Download or read book Diversity and Distrust written by Stephen MACEDO and published by Harvard University Press. This book was released on 2009-06-30 with total page 368 pages. Available in PDF, EPUB and Kindle. Book excerpt: Extending the ideas of John Rawls, Macedo defends a "civic liberalism" in culturally diverse democracies that supports the legitimacy of reasonable efforts to inculcate shared political virtues while leaving many larger questions of meaning and value to private communities.
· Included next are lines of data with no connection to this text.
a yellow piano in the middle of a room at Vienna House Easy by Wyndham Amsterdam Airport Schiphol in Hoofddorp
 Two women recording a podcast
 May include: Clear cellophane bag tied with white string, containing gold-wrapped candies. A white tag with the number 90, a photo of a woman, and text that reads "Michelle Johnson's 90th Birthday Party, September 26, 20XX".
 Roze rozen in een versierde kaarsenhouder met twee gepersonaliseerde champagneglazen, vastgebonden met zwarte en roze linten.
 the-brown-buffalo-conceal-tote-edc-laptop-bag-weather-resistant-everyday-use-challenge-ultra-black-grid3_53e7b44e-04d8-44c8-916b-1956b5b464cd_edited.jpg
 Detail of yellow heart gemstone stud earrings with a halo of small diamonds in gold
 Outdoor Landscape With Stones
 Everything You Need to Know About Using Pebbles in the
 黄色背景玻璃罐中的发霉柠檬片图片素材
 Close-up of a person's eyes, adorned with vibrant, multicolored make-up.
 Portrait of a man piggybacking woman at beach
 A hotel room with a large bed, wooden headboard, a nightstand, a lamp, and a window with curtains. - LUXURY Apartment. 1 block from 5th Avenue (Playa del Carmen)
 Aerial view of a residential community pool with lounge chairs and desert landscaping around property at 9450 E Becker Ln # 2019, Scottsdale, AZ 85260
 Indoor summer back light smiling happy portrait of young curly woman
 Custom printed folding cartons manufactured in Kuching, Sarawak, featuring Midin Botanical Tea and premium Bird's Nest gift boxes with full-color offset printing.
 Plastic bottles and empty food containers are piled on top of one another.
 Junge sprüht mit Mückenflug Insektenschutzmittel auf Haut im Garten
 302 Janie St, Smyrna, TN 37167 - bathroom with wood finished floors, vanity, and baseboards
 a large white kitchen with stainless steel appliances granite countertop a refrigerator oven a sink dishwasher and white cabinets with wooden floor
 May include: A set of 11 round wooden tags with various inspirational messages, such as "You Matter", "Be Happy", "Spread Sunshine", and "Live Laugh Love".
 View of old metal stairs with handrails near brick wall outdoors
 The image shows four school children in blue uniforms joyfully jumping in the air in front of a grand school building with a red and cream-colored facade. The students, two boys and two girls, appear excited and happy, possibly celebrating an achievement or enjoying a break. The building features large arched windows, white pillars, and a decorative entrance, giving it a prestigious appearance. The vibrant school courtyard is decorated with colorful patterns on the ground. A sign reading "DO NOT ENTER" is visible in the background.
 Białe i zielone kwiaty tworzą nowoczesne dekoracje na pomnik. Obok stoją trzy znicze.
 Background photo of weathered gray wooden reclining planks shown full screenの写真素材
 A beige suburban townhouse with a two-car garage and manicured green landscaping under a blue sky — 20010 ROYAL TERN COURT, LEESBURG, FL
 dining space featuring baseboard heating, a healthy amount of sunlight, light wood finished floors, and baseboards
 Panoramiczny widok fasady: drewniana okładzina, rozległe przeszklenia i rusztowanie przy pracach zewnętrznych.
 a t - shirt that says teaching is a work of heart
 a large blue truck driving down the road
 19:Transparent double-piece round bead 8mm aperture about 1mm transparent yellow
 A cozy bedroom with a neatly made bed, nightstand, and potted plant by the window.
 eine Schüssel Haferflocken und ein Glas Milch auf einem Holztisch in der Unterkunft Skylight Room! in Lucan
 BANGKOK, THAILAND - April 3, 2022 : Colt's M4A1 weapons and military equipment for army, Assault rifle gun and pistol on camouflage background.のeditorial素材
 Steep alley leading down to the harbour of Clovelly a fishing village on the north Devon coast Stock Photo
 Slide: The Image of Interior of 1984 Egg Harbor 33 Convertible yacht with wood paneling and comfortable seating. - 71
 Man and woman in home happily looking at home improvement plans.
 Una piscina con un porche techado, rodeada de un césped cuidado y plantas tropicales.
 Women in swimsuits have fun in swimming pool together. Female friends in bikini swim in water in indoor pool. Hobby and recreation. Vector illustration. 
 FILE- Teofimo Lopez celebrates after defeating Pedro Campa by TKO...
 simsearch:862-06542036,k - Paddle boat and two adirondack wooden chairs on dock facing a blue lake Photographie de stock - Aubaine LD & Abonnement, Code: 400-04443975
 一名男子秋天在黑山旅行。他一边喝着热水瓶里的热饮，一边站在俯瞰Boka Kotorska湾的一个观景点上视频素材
Download or read book America written by and published by . This book was released on 1925 with total page 654 pages. Available in PDF, EPUB and Kindle. Book excerpt: "The Jesuit review of faith and culture," Nov. 13, 2017-
Download or read book Population providence and empire written by Sarah Roddy and published by Manchester University Press. This book was released on 2016-05-16 with total page 350 pages. Available in PDF, EPUB and Kindle. Book excerpt: This electronic version has been made available under a Creative Commons (BY-NC-ND) open access license. Over seven million people left Ireland over the course of the nineteenth century. This book is the first to put that huge population change in its religious context, by asking how the Irish Catholic, Anglican and Presbyterian churches responded to mass emigration. Did they facilitate it, object to it, or limit it? Were the three Irish churches themelves changed by this demographic upheaval? Focusing on the effects of emigration on Ireland rather than its diaspora, and merging two of the most important phenomena in the story of modern Ireland – mass emigration and religious change – this study offers new insights into both nineteenth-century Irish history and historical migration studies in general. Its five thematic chapters lead to a conclusion that, on balance, emigration determined the churches’ fates to a far greater extent than the churches determined emigrants’ fates.